Lean’s Uncomfortable Reality
There is an uncomfortable reality when it comes to lean thinking and it’s widespread adoption. Like the Englishman shouting louder to be understood it doesn’t matter how many times or how loudly you say it’s just common sense, frustratingly, there are still many failed or lack-lustre attempts at lean adoption. In more recent times academics like Professor Bob Emiliani have written about this phenomenon and whilst there are a number of causal factors one definite contributing truth is that a number of key lean principles are counter-intuitive in their nature. Understanding this and designing a sympathetic lean strategy is essential. If individuals and organisations aren’t lucky enough to have experienced the counter-intuitive truths of lean such as flow, embrace the stop and mass learning, whatever strategy they choose will, most probably, end in efficiency not effectiveness. If the thinking hasn’t changed and the paradigm hasn’t shifted any lean endeavour will almost inevitably end in “fake” lean.
The Beach Ball Analogy – Seeing the Other Side of Things
A well-known facilitation technique is the beach ball analogy. It is used as a way to acknowledge that people may have a different view of the same thing and it doesn’t always mean that they are wrong, necesserily. It goes like this; imagine two people are looking at the same beachball. It has three white segments and three coloured segments; but each person can only see three segments on their side. So if you look from the left hand side you think the beach ball is only white and blue; and if you look from the right hand side it looks white, yellow and red. They’re both right but, they’re both different. They are both looking at exactly the same item or situation but seeing things completely differently. In our case the blue side is the side of the safe paradigm and efficiency and the opposite side is a new lean paradigm and effectiveness. One trouble with a counter-intuitive truth is explained by Robert “Doc” Hall in his 2001 AME article “The Counterintuitive Principles of the Toyota Production System” when he says “The (TPS) principles reinforce each other in non-linear fashion, so they are best learned experientially. A Toyota sensei seldom talks about them until after people have experienced TPS techniques and “peopleware” practices.The underlying philosophies clarify by first learning to”live the system,” then thinking deeply about it.” This normative experience is critical to being able to understand.

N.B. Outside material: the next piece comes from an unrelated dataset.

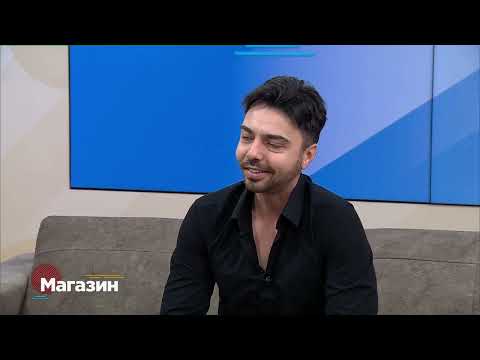 Магазин: Пејачот Денис Димовски и др. Злате Мехмедовиќ, портпарол на Комисија за заразни болести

“Getting” Counter-intuitive Principles
Have you ever had big “aha” moment that was a real “light-bulb” revelation? This often happens when your mental model changes and a counter-intuitive truth becomes a reality to you. It is as if all the jigsaw pieces now fit together and you can see the picture with unbelievable clarity. What unlocks this is the experience of living in a system that you previously couldn’t or wouldn’t logically believe could work. Before that moment your mind just wouldn’t let you see. With a counter-intuitive no matter how many books you read or how much theory you discuss you will not be able to replicate that change of mental model. No matter which side of the beach ball you view it will always look to be white and blue. Even if you spin it fast or try and creep up on it! To succeed at deploying TPS enough leaders and managers must change their mental models. As Robert “Doc” Hall outlines and lists in his 2001 AME article there are many TPS fundamental principles that are completely at odds with the traditional intuitive management thinking. When leaders, consultants and practitioners decide to pick and choose the lean tools to use they often do it from the comfortable, safe side of the beach ball because they haven’t experienced the whole system working and don’t fully understand. This results in a patchy, sporadic deployment. Thinking genuinely has to change through experiential learning to be useful and useable.
The Key to Success is Doing Better Things
As a Japanese industrialist and the founder of Panasonic, Konosuke Matsushita was at the forefront of the rise of post-war Japanese industry. From the 1970’s onwards he was often interviewed, and the huge Matsushita corporation often studied and compared to it’s Western competitors. In their 1981 book “The Art of Japanese Management; Applications for American Executives” Richard Pascale and Anthony Athos detail a 1979 visit to Japan by a group of western dignitaries during which Konosuke Matsushita gave his now famous speech;
“We are going to win and the industrial west is going to lose out; there’s not much you can do about it because the reasons for failure are within yourselves. Your firms are built on the Taylor model. Even worse, so are your heads. With your bosses doing the thinking while workers wield the screwdrivers, you’re convinced deep down that it is the right way to run a business.”
“For you, the essence of management is getting ideas out of the heads of the bosses and into the heads of labour. We are beyond your mindset. Business, we know, is now so complex and difficult, the survival of firms so hazardous in an environment increasingly unpredictable, competitive and fraught with danger, that their continued existence depends on the day-to-day mobilisation of every ounce of intelligence.”
What Konosuke Matsushita and his contemporaries like Ohno understood was that the key to the success of their organisations wasn’t the tools, techniques, or processes as they were just designed to fix specific problems but instead it was the result of their management philosophies and principles. They had built interdependent systems on principles that support the correct behaviours throughout. With many of those principles being counter-intuitive it is a real beach ball barrier that many aspiring leaders, managers and change agents need to overcome and succeed.